Justice Joseph’s concurring judgment

 

In his separate judgment but concurring with the Chief Justice of India, Justice K M Joseph spoke of the contribution made by the press in strengthening democracy in the country. “It will have a pivotal role to play for the continued existence of a vibrant democracy in the country. It is indisputable that the press out of which the visual media in particular wields power, the reach of which appears to be limitless. No segment of the population is impervious to its influence,” he said.

“In no unambiguous terms Parliament has declared that the Official Secrets Act, a law made in the year 1923 and for that matter any other law for the time being in force inter alia notwithstanding the provisions of the RTI Act will hold the field”, said Justice Joseph.

 

 

With the passing of the Right to Information Act, the citizens fundamental right of expression under Article 19(1) (a) of the Constitution of India, which itself has been recognised as encompassing a basket of rights has been given fruitful meaning. Section 8(2) of the Act manifests a legal revolution that has been introduced in that, none of the exemptions declared under sub section(1) of Section 8 or the Official Secrets Act, 1923 can stand in the way of the access to information if the public interest in disclosure overshadows the harm to the protected interests, Justice Joseph held.
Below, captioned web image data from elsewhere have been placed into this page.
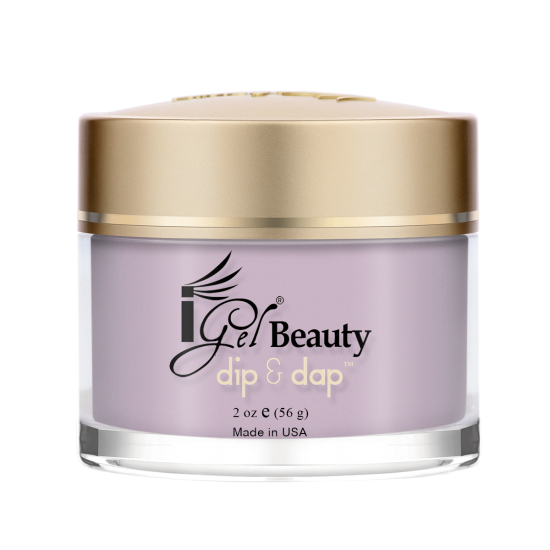 iGel Dip & Dap #011 Seashell, 2 fl oz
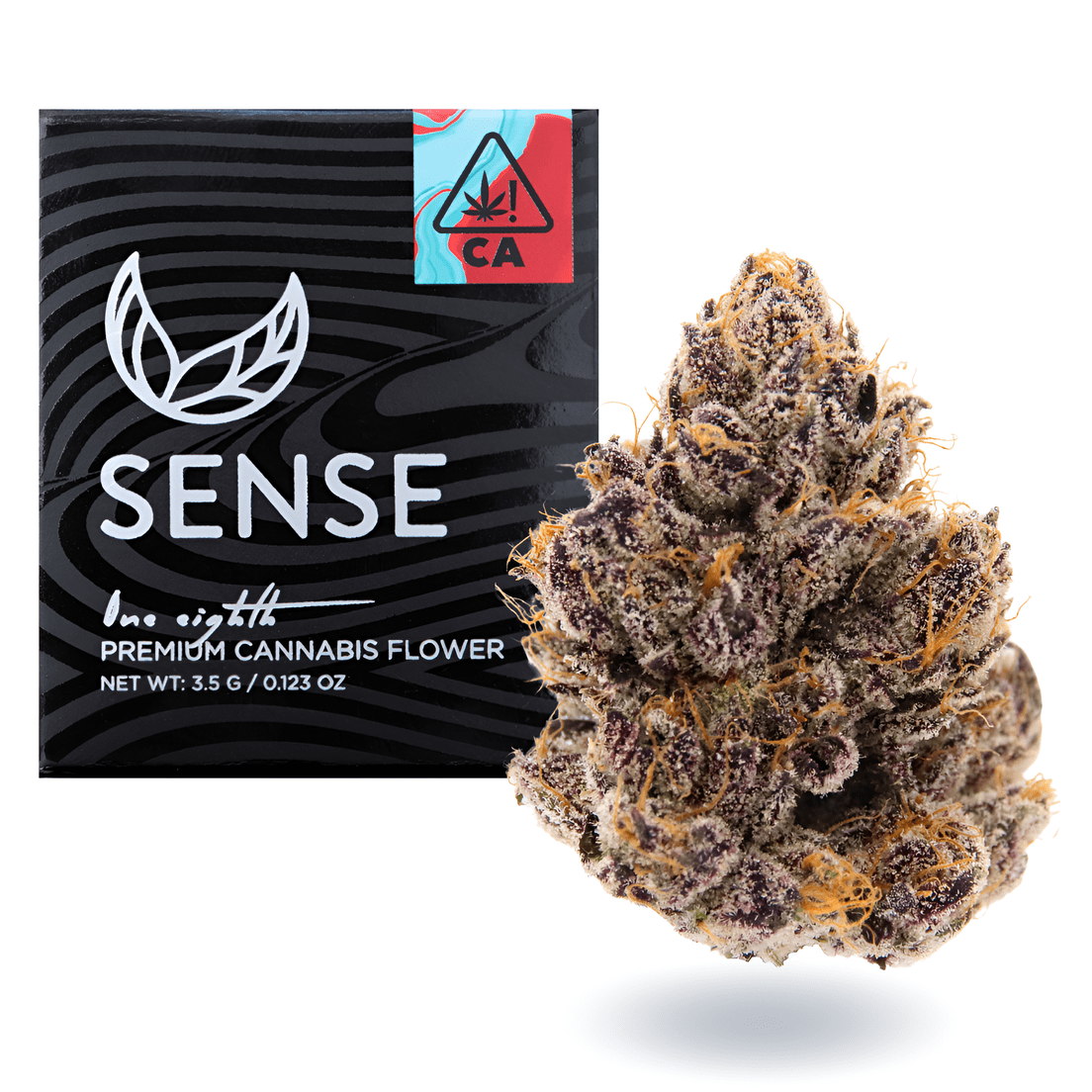 Sense | Flower | 3.5g | Lipsmackerz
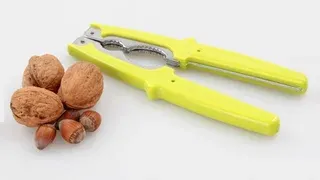 Diótörők és cseresznyemagozó gépek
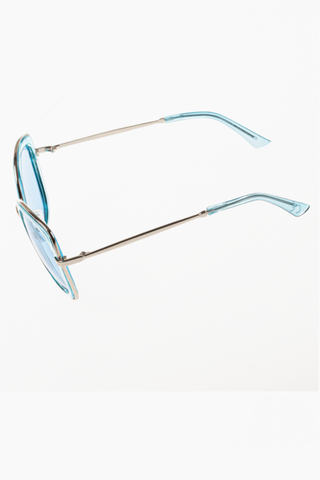 Okulary New Bad Line Glow Polarized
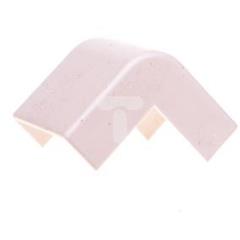 Naroże zewnętrzne kanału WDK 10x30 HA10030RW białe 6154425 /4szt./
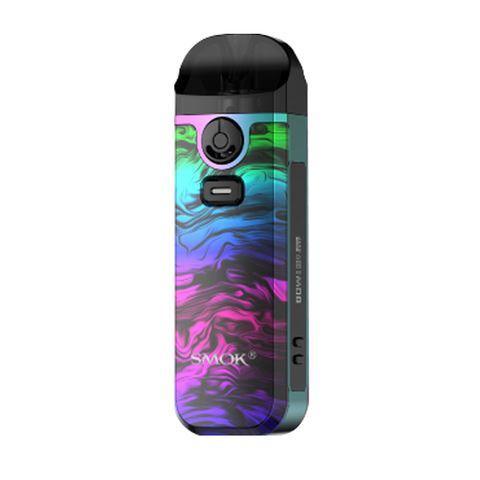 Smok Nord 4 Pod Vape Kit - YD VAPE STORE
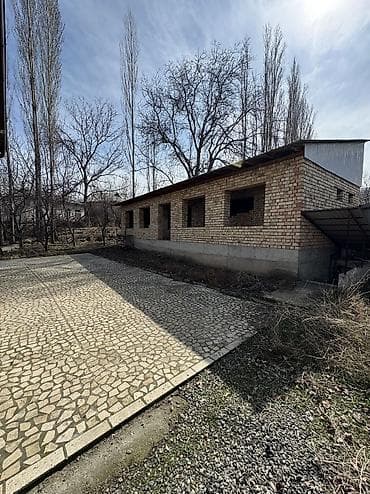 тез арада: Продаётся частный дом на участке 8 соток Предлагается к продаже — 3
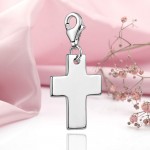 Pandantiv din argint „Crucea”
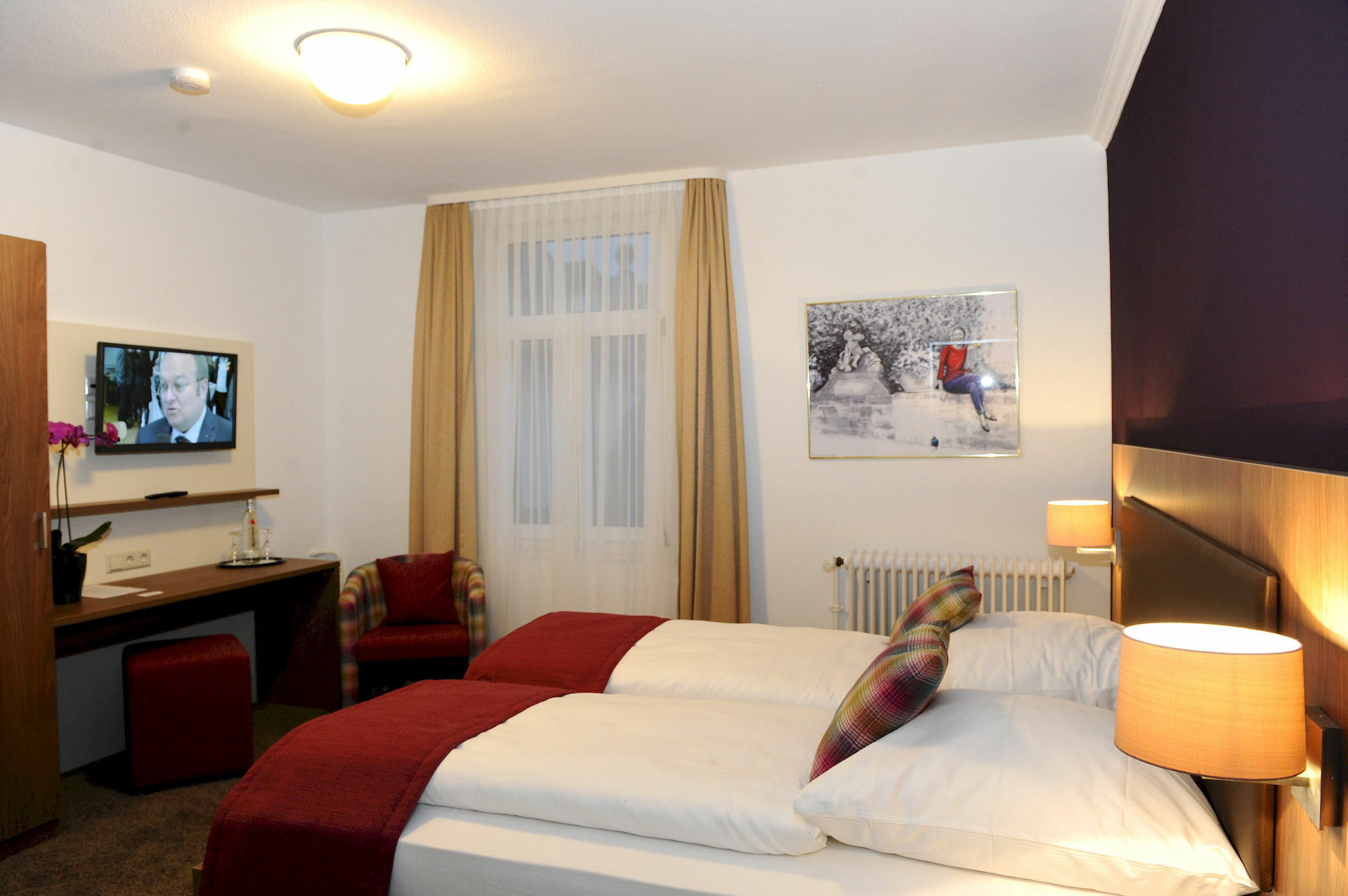 Hotel Boutique Societe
On the issue of claim of privilege by the Union government, Justice K M Joseph noted that   the documents in respect of which the privilege was claimed were already on record. “Section 123 of the Evidence Act in fact contemplates a situation where a party seeks the production of document which is with a public authority and the public authority raises a claim for privilege by contending that the document cannot be produced by it. Undoubtedly, the foundation for such a claim is based on public interest and nothing more and nothing less,” he said.

Justice Joseph said there was no dispute that the manner in which evidence was obtained – that it was procured in an illegal manner  – would not ordinarily be very significant in itself in regard to the court’s decision to act upon it.